There is a move by the guardians of the sport to make four-day Test matches a reality. If the resolution is adopted, for the next commercial rights cycle between 2023 to 2031, all Test matches will be of four days duration. 

Some countries have already engaged in four-day Tests and it has been proven that a result is possible despite a day being reduced. So, the reformists are pushing for more of it. Their reasoning is sound. This means that over the next eight-year commercial rights cycle, authorities can free up more than 300 days of cricket which allows them windows of time for more lucrative ventures.

A T-20 league can bring more revenue for players while smaller cricket boards like Sri Lanka can financially be secure as this window allows for an ICC event every year. A packed calendar at the moment has made it impossible to stage the popular Champions Trophy which was last held in 2017 and wasn’t played in 2019. 

Not many may know, but the idea of four-day Tests was first tabled at the ICC board meeting by Sri Lanka Cricket more than 15 years ago. Thilanga Sumathipala was heading the board at that point and although his suggestion was turned down, Thilanga predicted that the survival of Test cricket will be impossible if we do not accept change. 

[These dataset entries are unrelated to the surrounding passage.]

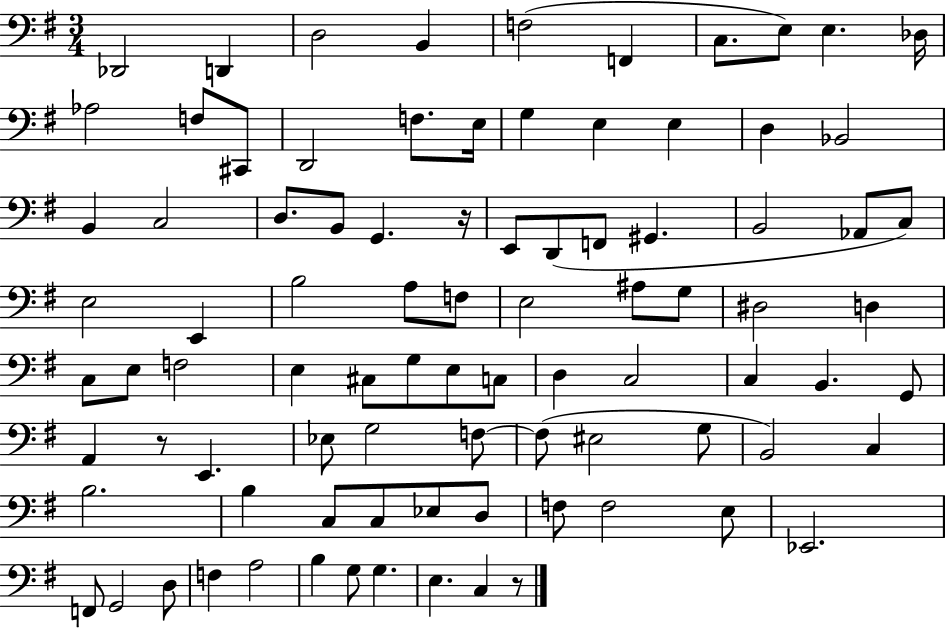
X:1
T:Untitled
M:3/4
L:1/4
K:G
_D,,2 D,, D,2 B,, F,2 F,, C,/2 E,/2 E, _D,/4 _A,2 F,/2 ^C,,/2 D,,2 F,/2 E,/4 G, E, E, D, _B,,2 B,, C,2 D,/2 B,,/2 G,, z/4 E,,/2 D,,/2 F,,/2 ^G,, B,,2 _A,,/2 C,/2 E,2 E,, B,2 A,/2 F,/2 E,2 ^A,/2 G,/2 ^D,2 D, C,/2 E,/2 F,2 E, ^C,/2 G,/2 E,/2 C,/2 D, C,2 C, B,, G,,/2 A,, z/2 E,, _E,/2 G,2 F,/2 F,/2 ^E,2 G,/2 B,,2 C, B,2 B, C,/2 C,/2 _E,/2 D,/2 F,/2 F,2 E,/2 _E,,2 F,,/2 G,,2 D,/2 F, A,2 B, G,/2 G, E, C, z/2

SLC doesn’t make any money by playing Tests other than when they play against India or England. They are still able to break even when playing Australia but against all other opponents they are making losses. There is also a growing tendency for the Big Three – India, Australia and England to play within themselves and this means that SLC will no longer bring in India for a bilateral series at the drop of a hat which they used to do when faced with a financial crunch in the past. 

Except in England, where Test matches are usually well attended, at most other countries the longer version of the game does not attract full houses. In places like Colombo, policemen on duty outnumber fans at the game. 

But the question that needs to be asked is whether the reduction of duration of Tests is going to address the issue of poor spectator attendance. 

Countries like South Africa and Australia are doing much for fans to come and enjoy cricket with their families and some of the centers in these countries have seen an increase of numbers but much more is left to be done. 

Those who are pushing for four day Test matches are arguing that the number of overs is not going to be significantly cut down. Each day will have 98 overs instead of the usual 90 and therefore we are actually only going to lose 50 overs despite the number of days being reduced. 

However, those who play First Class cricket over a duration of four days want to step up for the next level of challenge which is Test cricket and they expect it to be of five days duration. 

Thankfully, all leading current players are averse towards the four day Tests and they remain the biggest stumbling block for those administrators who want to bring about change. 

Marylebone Cricket Club, the game’s respected lawmakers, whose President is a Sri Lankan also has given a thumbs down for the new proposal. While MCC agreed that the proposed change of format has monetary gains, there’s much more to lose as Test cricket will lose its appeal. 

The recent Ashes campaign wouldn’t have been that close had the games ended in four days. 

Well, if administrators are really concerned, they can do one crucial thing. That is by calling for more day-night Test matches which has addressed the issue of bringing spectators back into the game. In most parts of the world, you see a tendency of people attending games after working hours. 

India staging a day night match recently was a massive plus point and captain Virat Kohli has called for more of these when his team tour Australia later this year. 

The debates will carry on but four day Test cricket is inevitable – at least between certain opponents. Australia were rarely challenged this summer as all five Tests against New Zealand and Pakistan ended inside four days. So the tendency is that when top ranked teams play lower ranked teams, games will be of four day duration while the bigger contests likes the Ashes and Border-Gavaskar Trophy will go the full distance. South Africa too could join the equation but the rest will have to be content with a reduced version however much they dislike it. The boards certainly will not have any issues as they are already making losses. In the end, the sport is governed by one salient feature – money.